Syrah gives more color than Grenache, and adapts to a lot of climates, so that may be a good choice. Nebbiolo, Dolcetto, Marechal Foch, Norton, Petit Sirah, Lagrein, Nero d’Avola, and many other grapes can produce big, red wines in warm to hot regions. Growing in cold climate? Try Dornfelder. You won’t believe the color and aroma. Get out there and find out what’s happening in your backyard, in your region, in your state or province and then put some vines in the ground. Viticulture is like golf. You’re not going to shoot par your first time out. It’s humbling and it can spoil a walk.

Quick winemaking tips

• Bleed off 10% of the juice from your red ferment one day after crushing and make some rosé. The remaining 90% will gain more color and extract as a result. If your wine is tannic without a bleed-off, do not remove juice. If the wine is still light, try 20% bleed off the subsequent year.

• Remember that higher pH wines are less stable and require much more SO2 to stay happy and sound in barrel or (especially) carboy.

Vineyard tips

What if you already have a vineyard planted? Let’s see what we can do in the field to increase color and impact.

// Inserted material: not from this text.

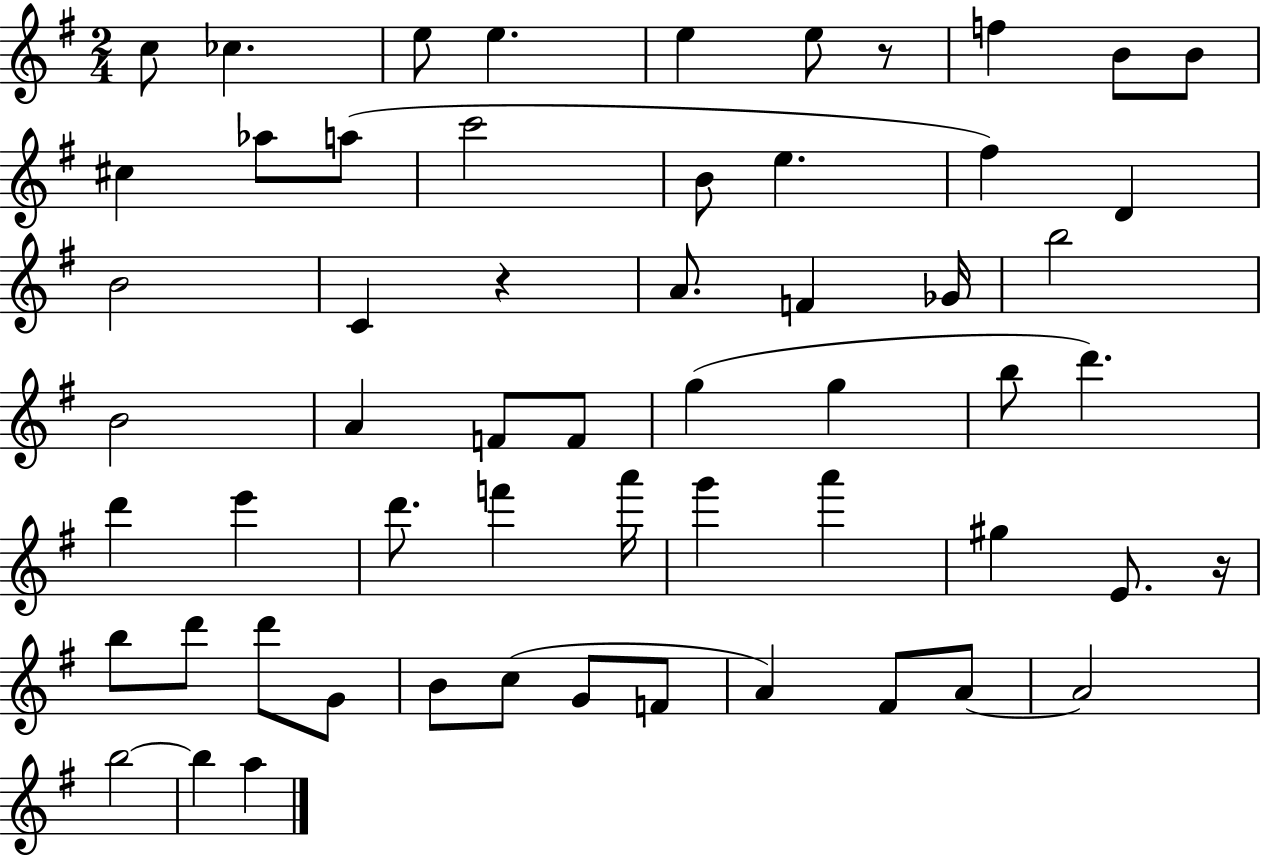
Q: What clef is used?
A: treble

Pruning: Intensity can be improved by lowering yields on low and moderate/low vigor vineyards. Remove more of last year’s growth, prune to 1 bud or 2 bud spurs and eliminate “kicker” canes. Do not prune this way on high vigor vineyards. Lowering yield on high vigor vines may actually lower quality.

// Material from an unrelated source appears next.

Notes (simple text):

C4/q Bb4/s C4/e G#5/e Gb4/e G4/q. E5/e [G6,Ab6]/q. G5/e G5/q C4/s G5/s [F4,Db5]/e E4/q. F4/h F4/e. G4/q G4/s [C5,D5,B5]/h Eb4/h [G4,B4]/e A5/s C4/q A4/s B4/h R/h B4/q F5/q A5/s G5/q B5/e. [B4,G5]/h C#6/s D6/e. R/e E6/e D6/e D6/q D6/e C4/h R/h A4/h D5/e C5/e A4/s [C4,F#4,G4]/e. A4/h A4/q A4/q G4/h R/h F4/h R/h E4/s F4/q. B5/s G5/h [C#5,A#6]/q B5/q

Thinning: Remove unfruitful/double shoots and reduce crop level if necessary by shoot thinning at 6-inch (15-cm) shoot growth, when you can see clearly the amount of crop present.

Canopy: Sun flecking/exposure without burning the fruit will encourage flavor, phenolic and anthocyanin production – all which will combine to make darker and richer wines in the vineyard. Do not overexpose the fruit, but attempt to bathe it in morning and afternoon sun — keep upper leaves to protect it from sunlight from 11 am to 1 pm.

Water: Deficit irrigation can stress a vine at the right time to encourage flavor and color development. Keep the vine healthy and growing, but start letting the soil dry out completely between waterings when you want to see ripeness accelerate.

Harvest: Get it ripe, harvest at night if you can. As long as flavor is increasing and the weather looks good, let it hang! If pH starts climbing to the 3.8 range, unless the TA is sky high, plan on picking. Hang time is key for flavor and sugar, so if you can get 28 °Brix and still have sound fruit, that will make a big red! Try watering back ripe must to 24.5 °Brix, but if you want it really big, crank it to 25.5. The wine will still be dense and ripe, but the alcohol will be in check. Adding 20 g of tartaric acid per gallon (5g/L) of water will keep the pH fairly stable.

Chasing the big red

The quest for the big red is as old as time itself. As Dr. Patrick McGovern points out in his book Uncorking the Past, European grape wine is given such reverence by humans because it makes the strongest booze in nature. It could be argued that making big, high alcohol wines is the evolutionary destiny of human beings, and when we make these types of wines we are just testing the limits of the yeast’s biology and our liver’s tenacity.


Those who like a lighter wine generally think those that like the big reds are missing something. But are they?